Мать: Говорят, что она потеряла рассудок и общается с духом моего сына. В прошлом году она убила женщину, но ее помиловали. У нее очень влиятельные друзья. Ямабуси дали ей приют здесь, в лесу, на горе Хагуро в Ямагате. Такой чести не могла бы удостоиться простая женщина. Ее хижина почитается как святилище в этом безлюдном месте. В деревне Саба мы видели паломников, которые проделали долгий путь, чтобы увидеться с ней. Но ямабуси священной горы не позволят им добраться сюда. Люди называют ее икигами – живой богиней. Правильно ли я поступила, явившись сюда? Эти паломники произвели на меня сильное впечатление. Может быть, она скажет мне, обрел ли наконец покой дух моего сына? (Обращаясь к Кейко.) Благодарю вас, мадам Омиёке, за приглашение, мы рады видеть вас.

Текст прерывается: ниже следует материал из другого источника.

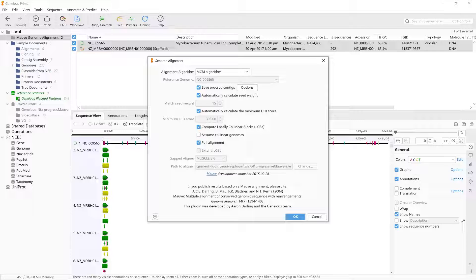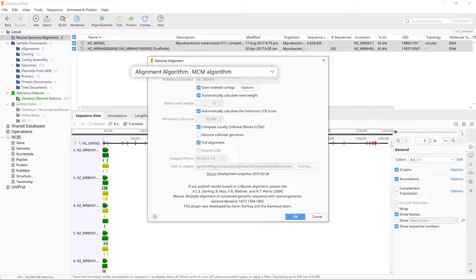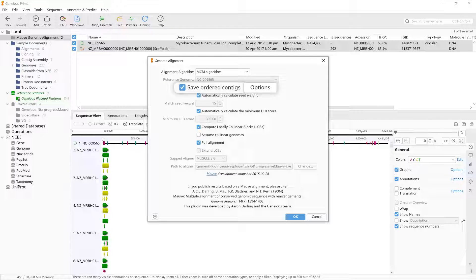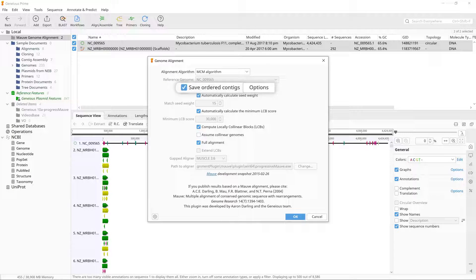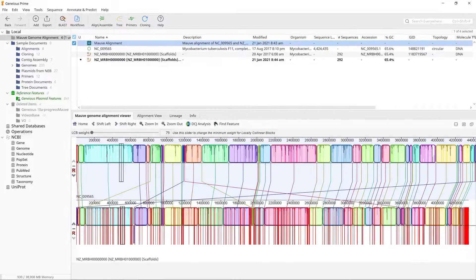In the MOV options change the alignment algorithm to MCM algorithm if it's not already set on this. Make sure the option to save ordered contigs is checked. Leave the other settings at their defaults and click OK to start the analysis.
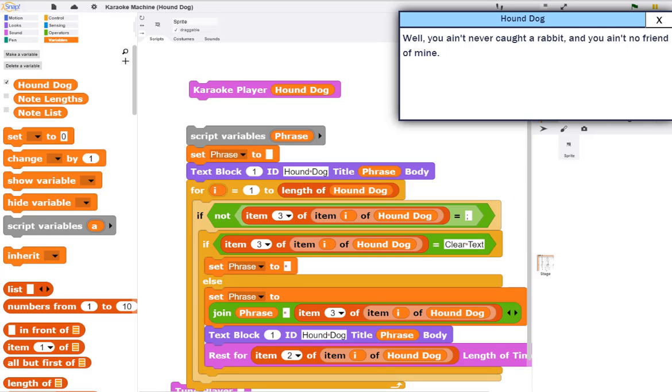And of course you can modify this in various ways. For example, you could create a karaoke player that played chords instead of notes if you wanted. We'll look into that and other enhancements in the next video.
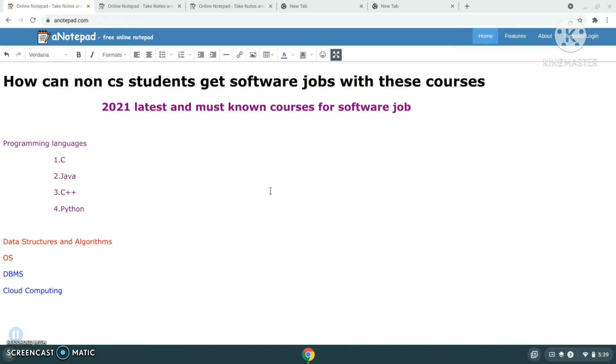You can definitely get a software job if you learn these few courses. First is programming language. Everyone should know at least one basic programming language. In every college, they'll give basic knowledge on C language, but other than C, interviewers will ask you about other programming languages like Java, C++, or Python. You should know at least one programming language other than C, and best is to know an object-oriented language like Java or C++.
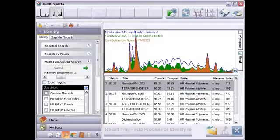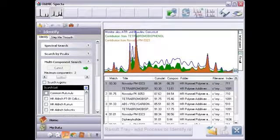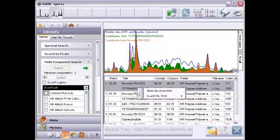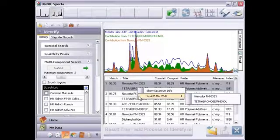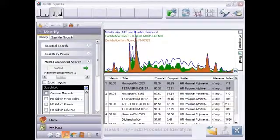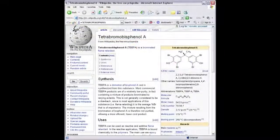To conclude, the first component is my base plastic. But what is the second one? If I right-click here and choose Search the Web, and then select the second component, the web search identifies it as a brominated flame retardant and a regulated material.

Кейко: Мое имя теперь не имеет никакого значения. Я была вдовой капитан-лейтенанта военно-морской авиации Омиёке Такумы, но с тех пор прошло много лет. Никто уже не помнит ту, какой я была когда-то.

Жена: Разве можно ее забыть? В течение двадцати лет она была подругой известного злодея, сенатора Ито Кацусиге, сегуна рэкетиров и вымогателей. Обо всем написано здесь, в этих бумагах. (Показывает папку Матери.) Что я должна сохранить, а что сжечь?

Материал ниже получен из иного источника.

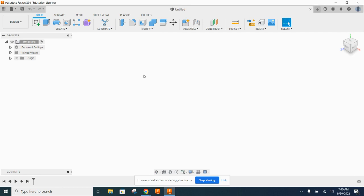Up until this point we've used two different types of boolean operations — join and cut — but there's a third one called intersect, and that's what we're going to use today to actually create the beanbag.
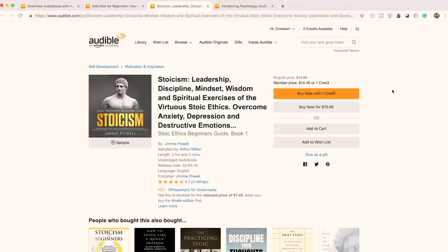The next example is even worse — it's literally just a list of keywords separated by commas. The title is: 'Stoicism, Leadership, Discipline, Mindset, Wisdom, and Spiritual Exercises of the Virtuous Stoic Ethics. Overcome Anxiety, Depression, and Destructive Emotions. Stoic Ethics Beginner's Guide. Book One.' Yes, that is the real book title. You are appearing for those keywords, but you look like a joke. Why would anyone want to buy this book?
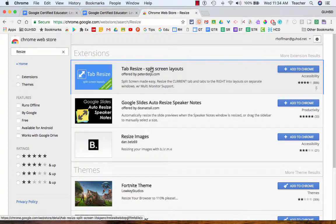I've found an extension, tab resize, that I really want to share with other people. How do I get it out to them?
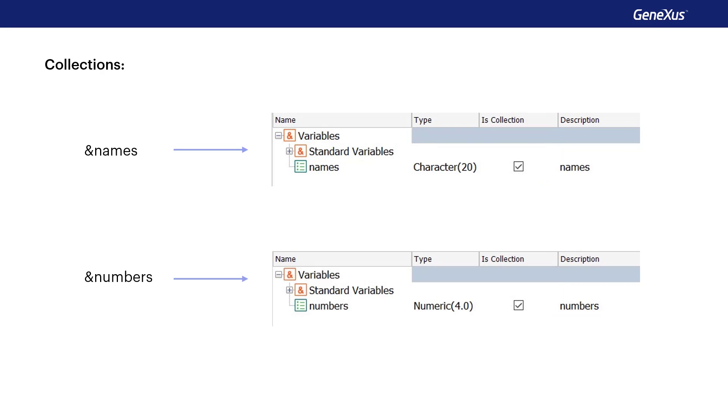Collection variables, regardless if they're numeric, character, or SDT collections, will offer their own methods for managing that collection.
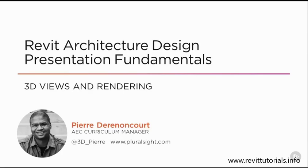Hello there and welcome to the first module of Revit Architecture Design Presentation Fundamentals. This module is titled 3D Views and Rendering. Here we're going to take a look at working with 3D views, our 3D camera, and also working with some site elements and entourage and how to tweak a few simple render settings to create some really nice high-quality images of our project.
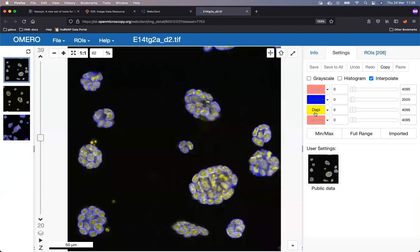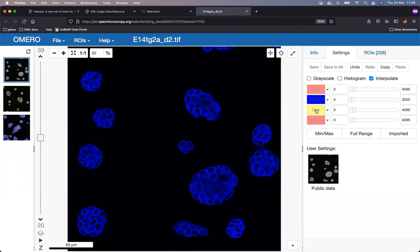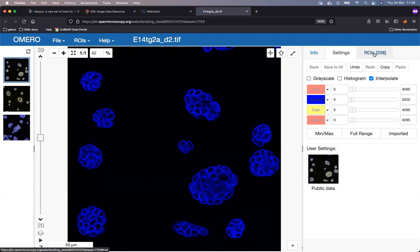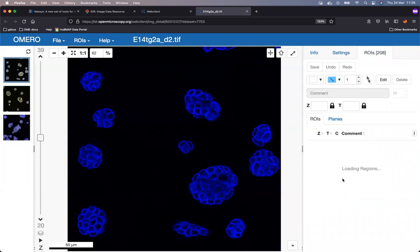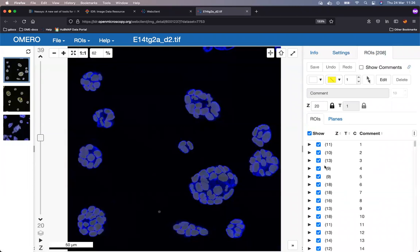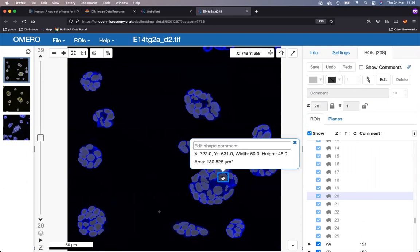Then I will switch off the DAPI channel because I know this is better for display of the ROIs, which I am here mainly to show you. So I will go now and click on the ROIs tab and the regions of interest are loading. These are the mask types of the regions of interest of the type mask, which were turned into ROIs in IDR from the labels submitted by the authors in those TIFFs as mentioned previously.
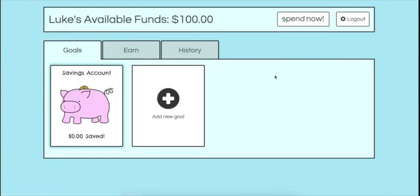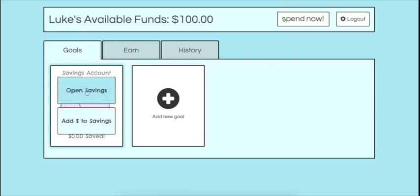Each user has available funds, which represent the amount of money currently belonging to them, which has not yet been put into a savings account or allocated towards a goal.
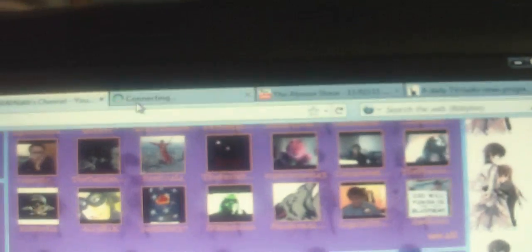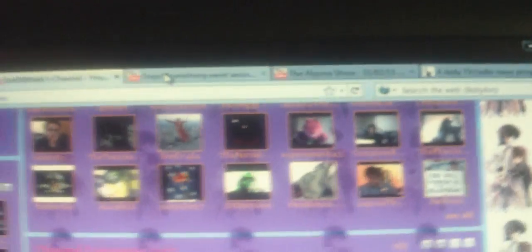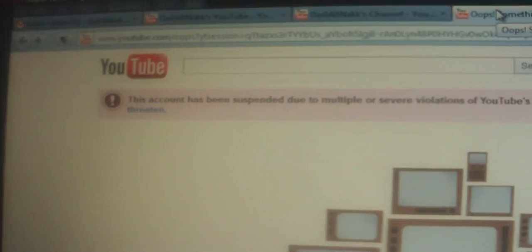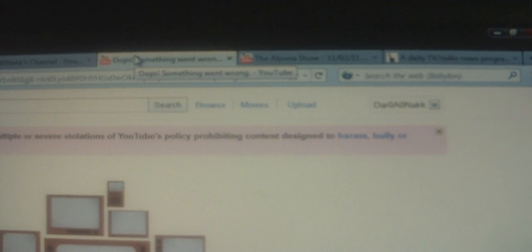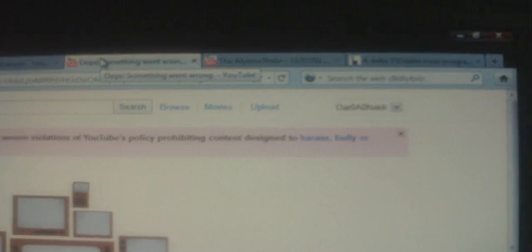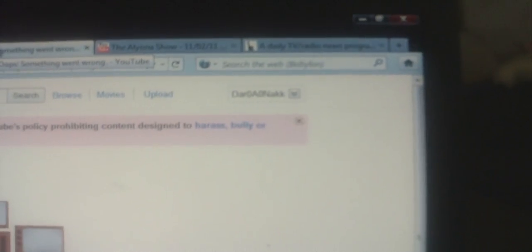The reason why I say was, it is because this account has been suspended due to multiple or severe violations of YouTube's policy prohibiting content designed to harass, bully, or threaten. So Boogie Napalm's channel that he created to go after Brett Keane has been suspended.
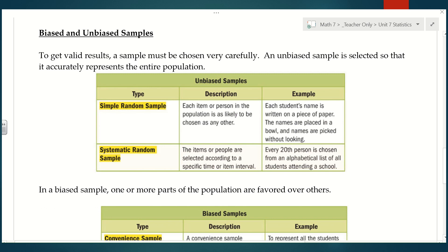The second type of unbiased sample is a systematic random sample, where items or people are selected according to a specific time or item interval. For example, every 20th person is chosen from an alphabetical list of all students attending a school. This goes back to my earlier example of surveying every 10th person coming into the cafeteria — that would be considered a systematic random sample because I have a system. Typically you'll see something about asking every 20th person or whatever interval they decide.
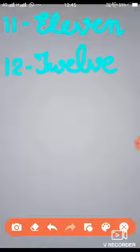12. I repeat it again children: T-W-E-L-V-E. 12. Now move to the next spelling. That is 13. 1, 3, 13. What is the spelling of 13?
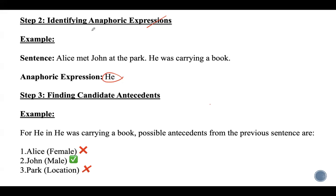Step 3 is to find candidate antecedents. All possible noun phrases that appear before the anaphoric expression are considered as candidates. For 'he' in 'he was carrying a book,' the possible antecedents from the previous sentence are Alice, John, and park. Alice is female, so it cannot match 'he.' Park is a location, so it also cannot match. Therefore, the possible matching word is John.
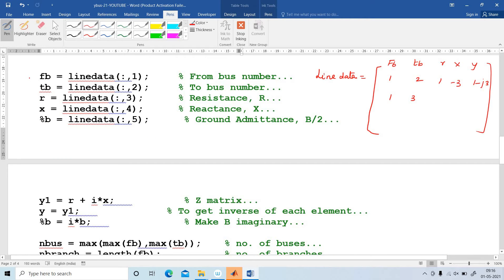Next, I am going to explain why we write the code: FB equals line data of colon 1. It takes the first column values. FB is the first column, TB is the second column, R is the third column, X is the fourth column, and Y is the fifth column. These are the representations of the line data.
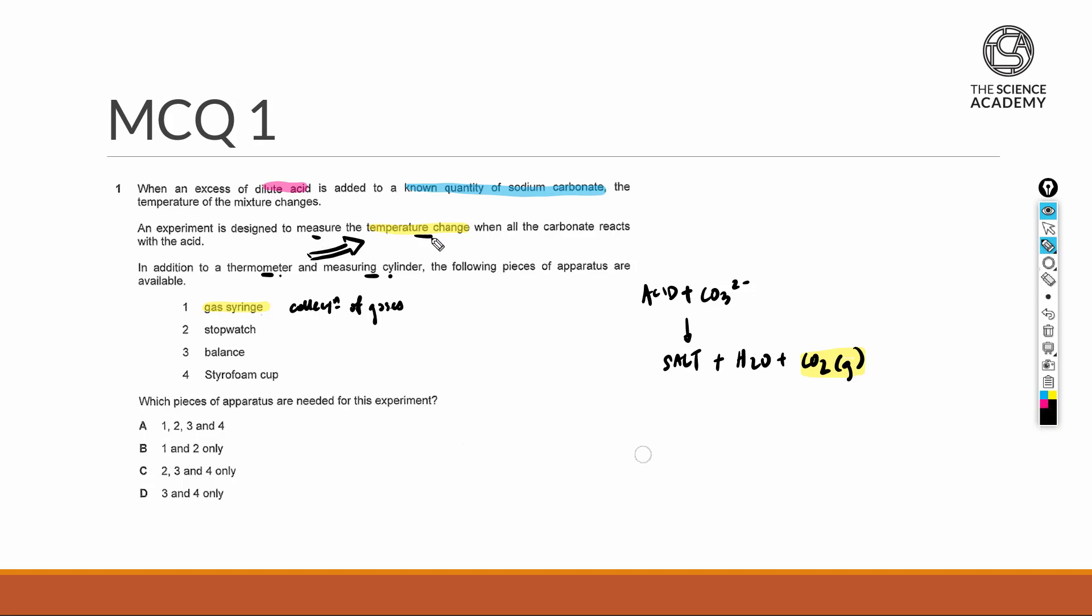The stopwatch is very much similar to number one for the gas syringe, whereby we're going to use time as a factor to determine the speed of reaction. The question here did not explicitly mention that we are interested in modifying either the concentration, temperature, using catalysts, or modifying exposed surface area to see how the kinetics of the reaction changes. This was truly only there to measure the change in temperature, and therefore your stopwatch would also be unnecessary.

Мать: Не знаю. Раз уж мы решили повидаться с ней, давай послушаем, что она скажет.

Кейко: Вы, конечно, много слышали обо мне и правды, и лжи, но какое это имеет теперь значение? В течение двадцати лет я была, по существу, ничтожным созданием. Самые низкие воры и преступники окружали меня тогда. Они проникали ко мне, словно коты темной ночью, терлись о стены моего дома и мурлыкали. Но мой дом был давно покинут. В нем никто не жил. В 1966 году я отреклась от мира и вступила в женский монастырь Хоссо в Наре. И когда настоятельница обрила мою голову… (Кейко замолчала.) Прислушайтесь, вы слышите? Это крик лесного сорокопута, который накалывает свою добычу на шипы. У меня словно гора с плеч свалилась. Я ощутила прохладное прикосновение зеркала к своему темени и почувствовала облегчение. Но то была иллюзия. Я не заметила, как снова подпала под его власть. Четырнадцать лет назад я отправила свою горничную Коюми в женский монастырь Гессудзи. Семь тяжелых жестоких лет, после смерти моего супруга барона Омиёке и до 1952 года, когда был отменен оккупационный режим, она служила мне верно и преданно, слишком верно и слишком преданно. Ее чрезмерная преданность напоминала мне о моем позоре, о тех бесстыдных поступках, которые я совершала в течение этих семи лет и свидетельницей которых была Коюми, моя сообщница в любовных утехах.

Мать: Она признается в противоестественной связи с другой женщиной.

Жена: Лесбийская мерзость, вот что это такое.

Кейко: Я не предвидела, что мое появление в Гессудзи возбудит в Коюми чувства, которые дремали все эти четырнадцать лет.

Мать: Мирские грехи преследуют даже отшельников и аскетов.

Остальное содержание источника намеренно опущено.